Brousson was becoming exhausted by the fatigues and privations he had
encountered during his two years' wanderings and preachings in the
Cevennes; and he not only desired to give the people a relaxation from
their persecution, but to give himself some absolutely necessary rest.
He accordingly proceeded to Nismes, his birthplace, where many people
knew him; and where, if they betrayed him, they might easily have
earned five thousand livres. But so much faith was kept by the
Protestants amongst one another, that Brousson felt that his life was
quite as safe amongst his townspeople as it had been during the last
two years amongst the mountaineers of the Cevennes.
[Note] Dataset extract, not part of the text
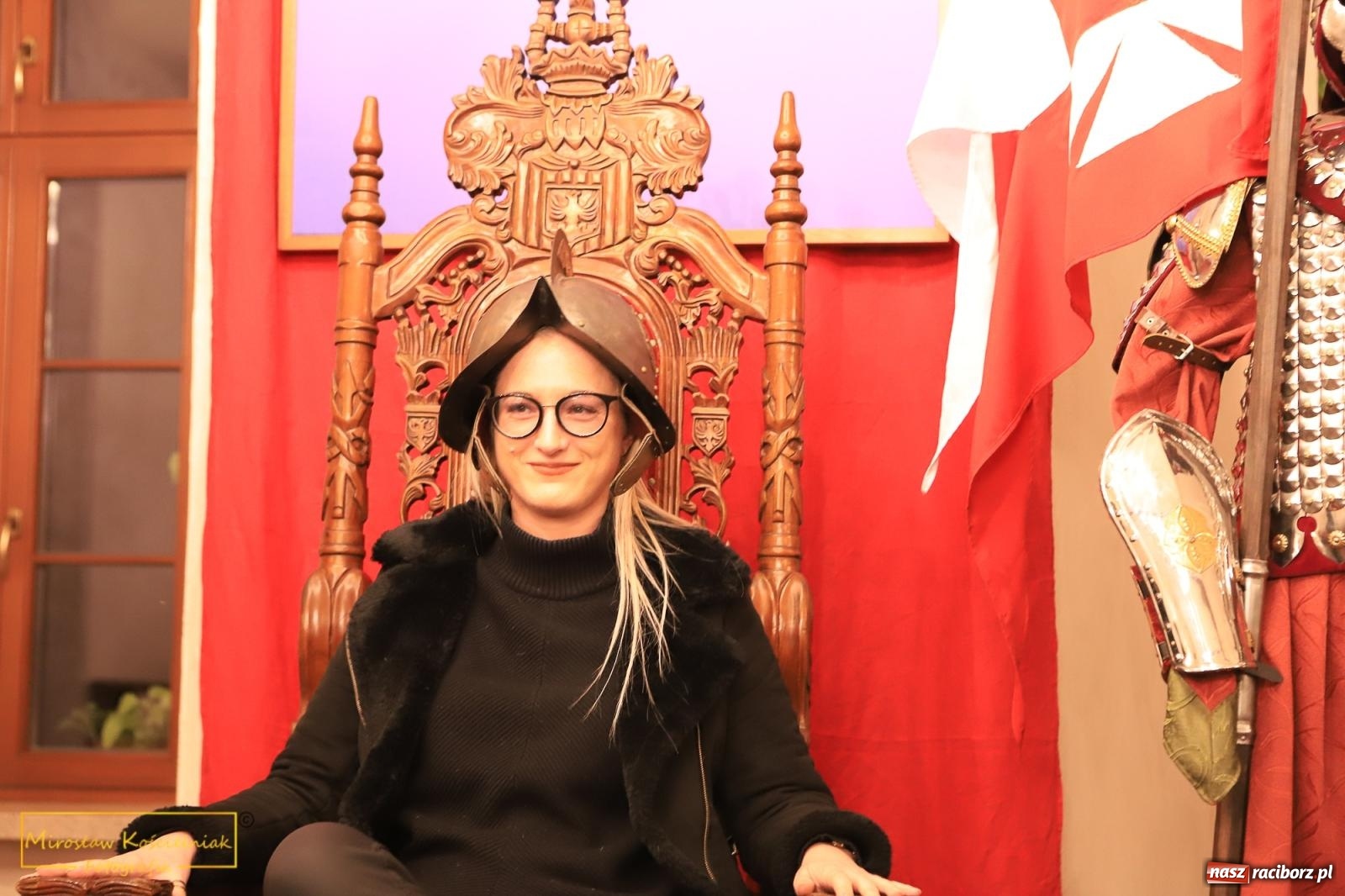 Zdjęcie w galerii na portalu naszraciborz.pl: Raciborzanie lubią zwiedzać zamek nocą [FOTO] wiadomości z regionu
It soon became known to the priests, and then to the Intendant, that
Brousson was resident in concealment at Nismes; and great efforts were
accordingly made for his apprehension. During the search, a letter of
Brousson's was found in the possession of M. Guion, an aged minister,
who had returned from Switzerland to resume his ministry, according as
he might find it practicable. The result of this discovery was, that
Guion was apprehended, taken before the Intendant, condemned to be
executed, and sent to Montpellier, where he gave up his life at
seventy years old--the drums beating, as usual, that nobody might hear
his last words. The house in which Guion had been taken at Nismes was
ordered to be razed to the ground, in punishment of the owner who had
given him shelter.

After spending about a month at Nismes, Brousson was urged by his
friends to quit the city. He accordingly succeeded in passing through
the gates, and went to resume his former work. His first assembly was
held in a commodious place on the Gardon, between Valence, Brignon,
and St. Maurice, about ten miles distant from Nismes. Although he had
requested that only the Protestants in the immediate neighbourhood
should attend the meeting, so as not to excite the apprehensions of
the authorities, yet a multitude of persons came from Uzes and Nismes,
augmented by accessions from upwards of thirty villages. The service
was commenced about ten o'clock, and was not completed until midnight.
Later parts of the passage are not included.